DATA EXCERPTS.

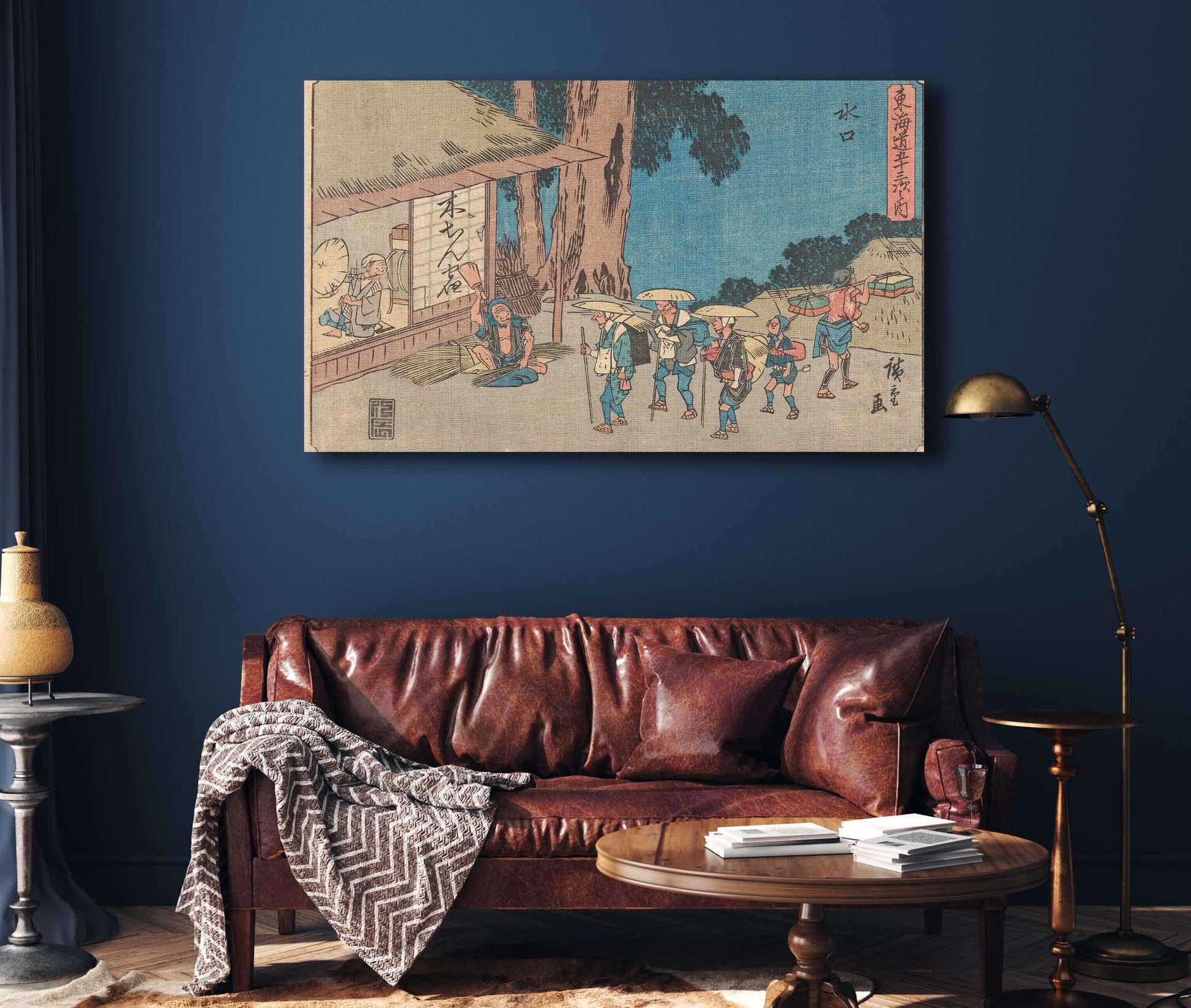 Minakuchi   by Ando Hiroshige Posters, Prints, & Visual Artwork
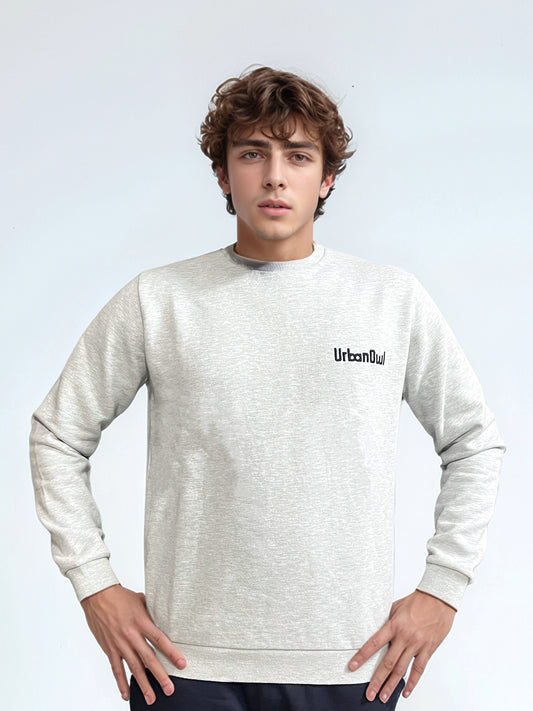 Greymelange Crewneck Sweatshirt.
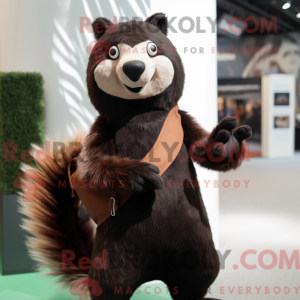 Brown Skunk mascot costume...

==

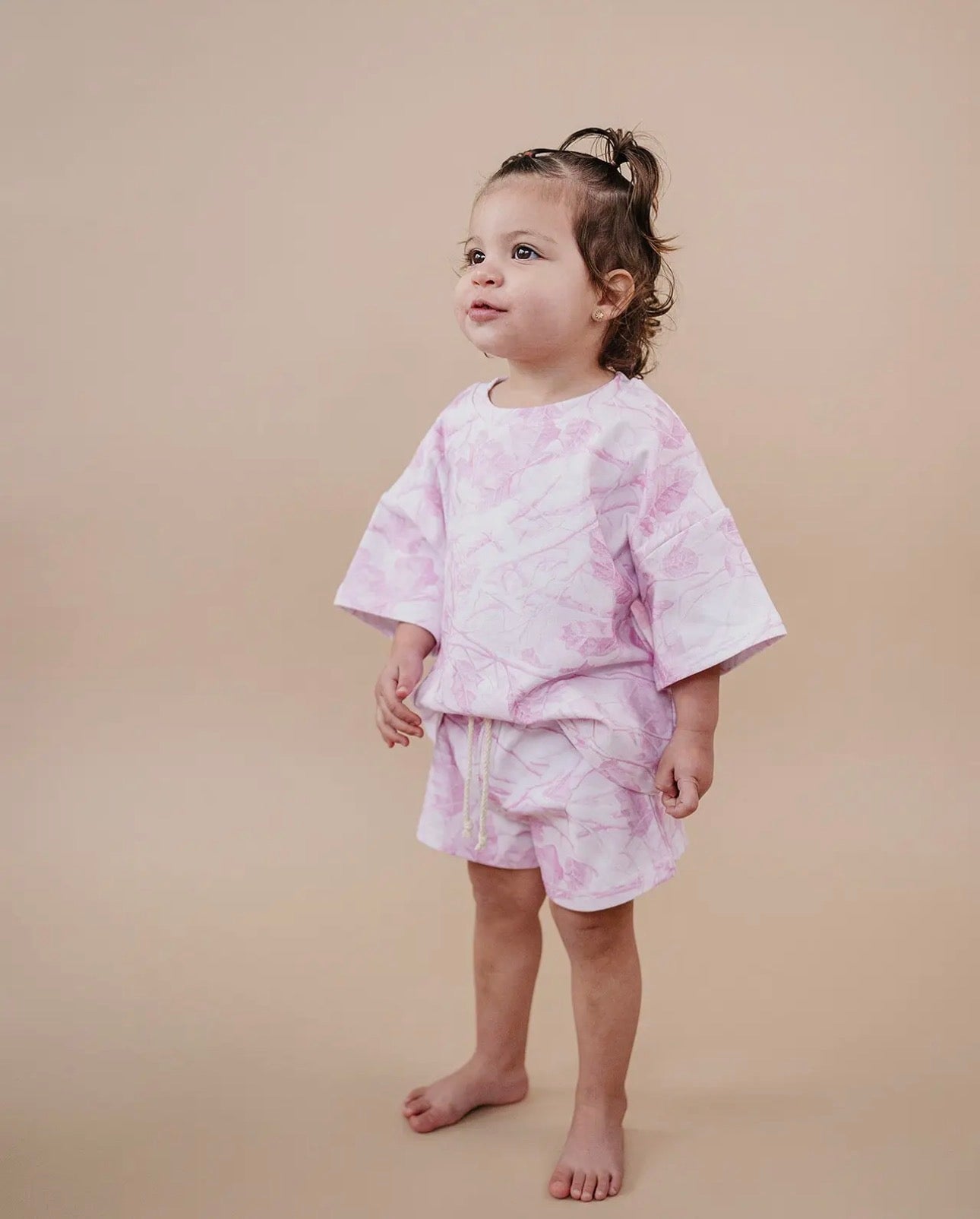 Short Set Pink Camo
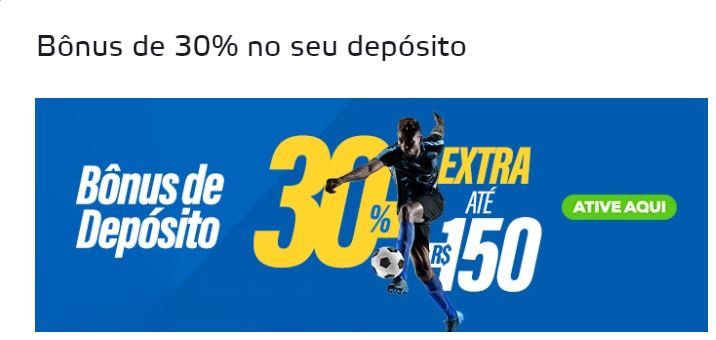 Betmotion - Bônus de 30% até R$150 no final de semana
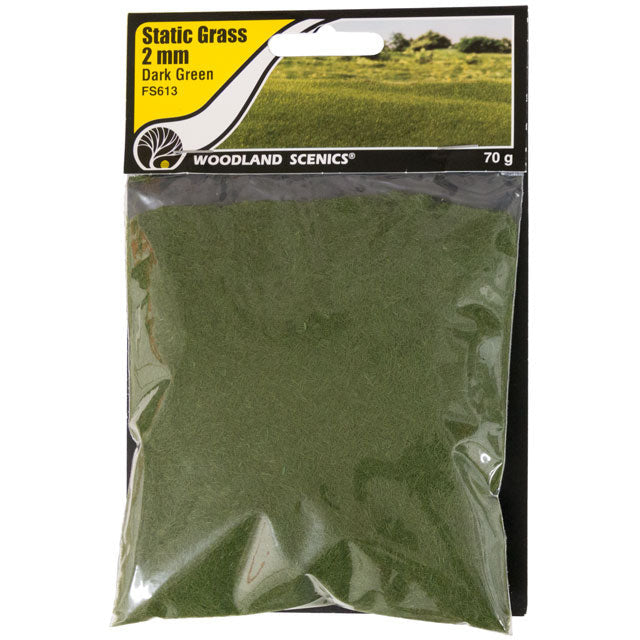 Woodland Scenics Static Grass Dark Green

---

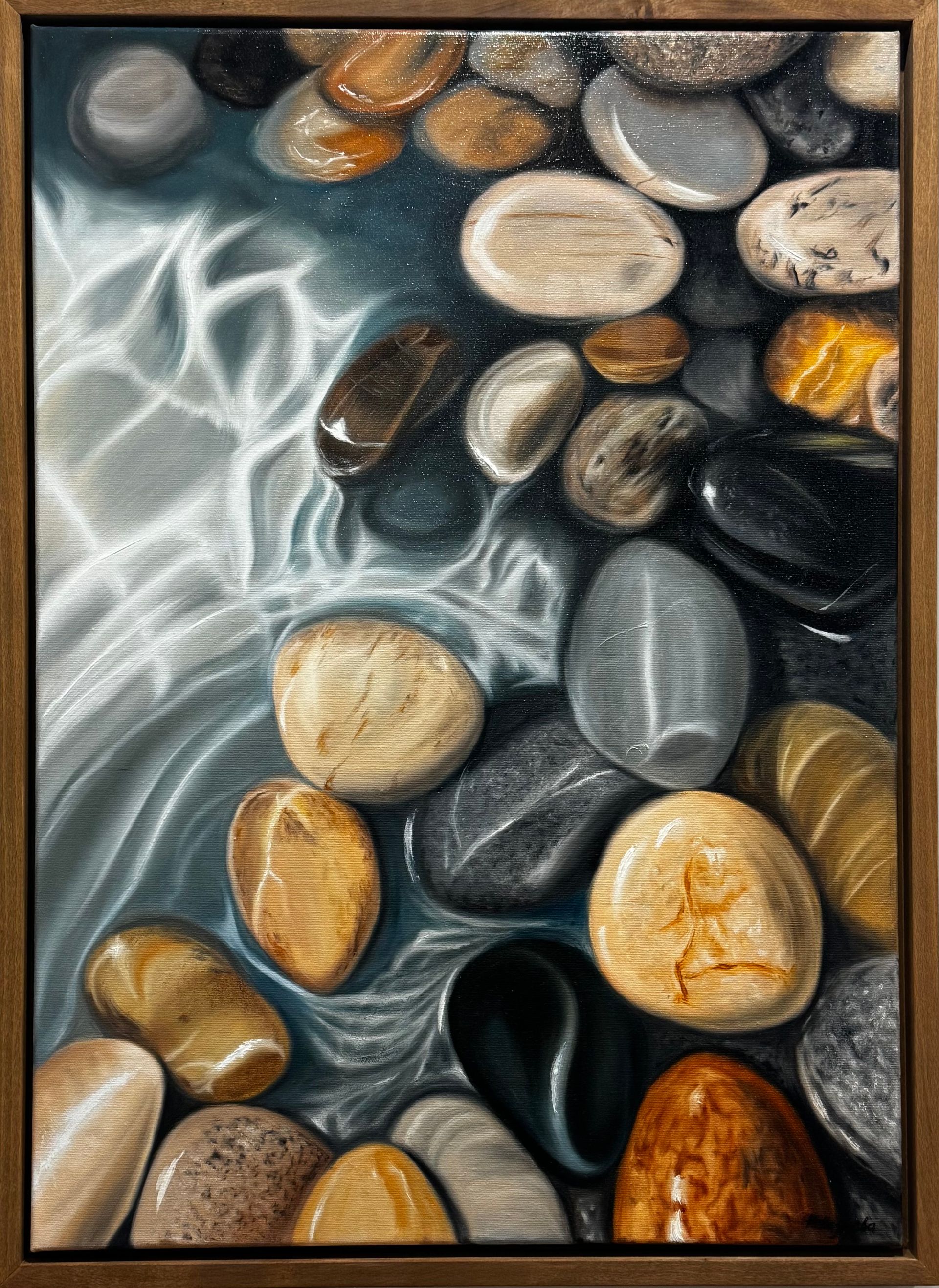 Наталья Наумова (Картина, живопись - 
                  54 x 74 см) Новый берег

BRIEF. Excerpt from the records above: set down only the lines from the one that contains "Short Set Pink Camo" through the one that contains "Woodland Scenics Static Grass Dark Green", inclusive, word for word. Pictures stay out.

RESPONSE BELOW.
 Short Set Pink Camo
 Betmotion - Bônus de 30% até R$150 no final de semana
 Woodland Scenics Static Grass Dark Green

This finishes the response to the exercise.